I'm proud to introduce you to my son, Jaden:
(Don't you love the cheese face?)
He is a healthy, vibrant 11 year old! He likes video games, playing baseball, and burritos. The kid can take anything apart and put it together again!.....I mean it -- literally anything. I stare at my dvd player with confusion and he zips right along - fixing any problem I have. He is the world's best helper and can lift stuff 3 times his own bodyweight! He's my little man!
So, what's wrong?
Well, Jaden is ADHD. He is hyperactive, impulsive, and highly disorganized. He struggles to attend, can't understand most of what he is expected to do. He lives in a world that operates against him.
Not only is Jaden ADHD. Last November we received a diagnosis (diagnoses) that was hard to handle....although not unexpected. Through the great people at Scottish Rite Hospital, we learned that Jaden is up against so many barriers -- he is ADHD, but he has a Learning Disorder in Reading, Learning Disorder in Math, and Disorder of Written Expression. AAHAHHHHHHHH!!!! Every damn thing we expect of kids in school - he has working against him. No wonder Jaden becomes so frustrated when doing school work. No wonder Jaden doesn't like school. No wonder Jaden thinks he's stupid!!!! Our education system points out all his weaknesses on a DAILY basis!
Jaden has so much to offer and to give, yet his self-esteem is in the toliet because everyday we expect him to do all the things that he CANNOT. What if you were told you were going to start school tomorrow and you were expected to learn how to shoot hoops like a pro? or flip like an Olympic gymnast?
Think about it for a sec......What is something you are really bad at doing? For me it's drawing.....oh how I wish I could draw. I've tried and tried, but it always looks like utter crap. Good for me our school system doesn't place much importance on drawing skills. If it did, I'd be a failure. I'm am simply not capable of being an artist. I was not born with the ability to draw well or even reasonably.

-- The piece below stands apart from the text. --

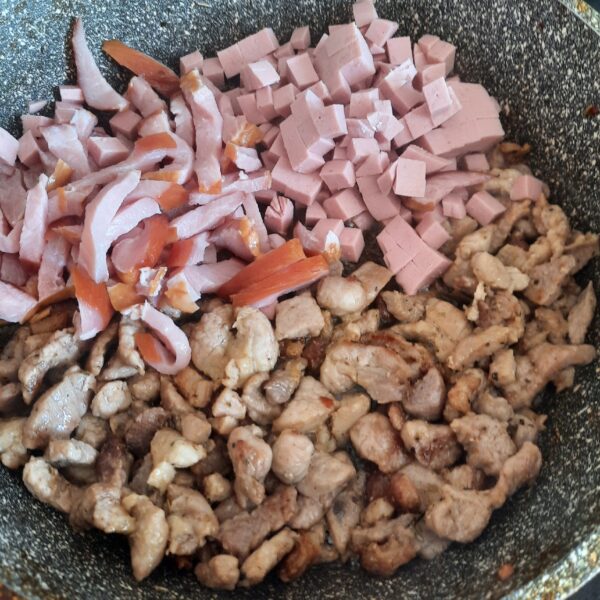 на сковородку добавляем измельченные колбаску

This is Jaden. Everyday Jaden is expected to "draw like an artist" and receives the clear message that, because he can't, there is something terribly wrong with him. He is stupid - that is the message he receives all day long.
Why do "we" do this to kids like Jaden?
As teachers we learn about differentiating and how each individual has special strengths and weaknesses. We learn about using strengths to help children achieve THEIR PERSONAL BEST. Yet, day after day we force circle kids into square holes. I'm included - it's hard not to operate this way with all the high stakes testing teachers are confronted by. However, are we considering what we are doing to kids????? Is this really better for our kids??? Is it really making our kids smarter and more competitive??? Unfortunately, I think the answer is no.
I absolutely adore the teaching profession. I love working with and teaching kids. I really believe we have the most important job (besides parent). There is a part of me (a large part of me) that is sad that I am now finishing up my last year teaching in the public school system. Each day I think of something else I will miss -- birthdays, loose teeth, silly weekend stories, 100th day of school, last day of school......
....but there are so many things now that have changed the teaching profession - things that I never bargained for......coupled with the fact that I have a son that truly needs my help. If the public school system is NOT able to teach him....to reach him -- then I have no choice to do it myself.
This next year I will embark on a new journey -- one that is exciting, liberating - yet a bit scary as well. Instead of teaching in the public school system, I will be teaching in my home with 2 of my sons.
I will be homeschooling my about-to-be 6th grader AND my about-to-be kindergartener.
Here is Reagan!
So, although I won't be "teaching" next year, I will be doing LOTS of teaching next year. I am excited to do all the things I've loved doing with other people's kiddos over the years with my own little kiddo. This blog will still be in support of kindergarten and the primary years. It's my "home" so you aren't getting rid of me.....hahahaha......I hope you will stick around for the WILD RIDE ahead!
You will be getting a better glimpse at my son Reagan and his learning throughout his kindergarten year. I can't wait to have this little one as my student!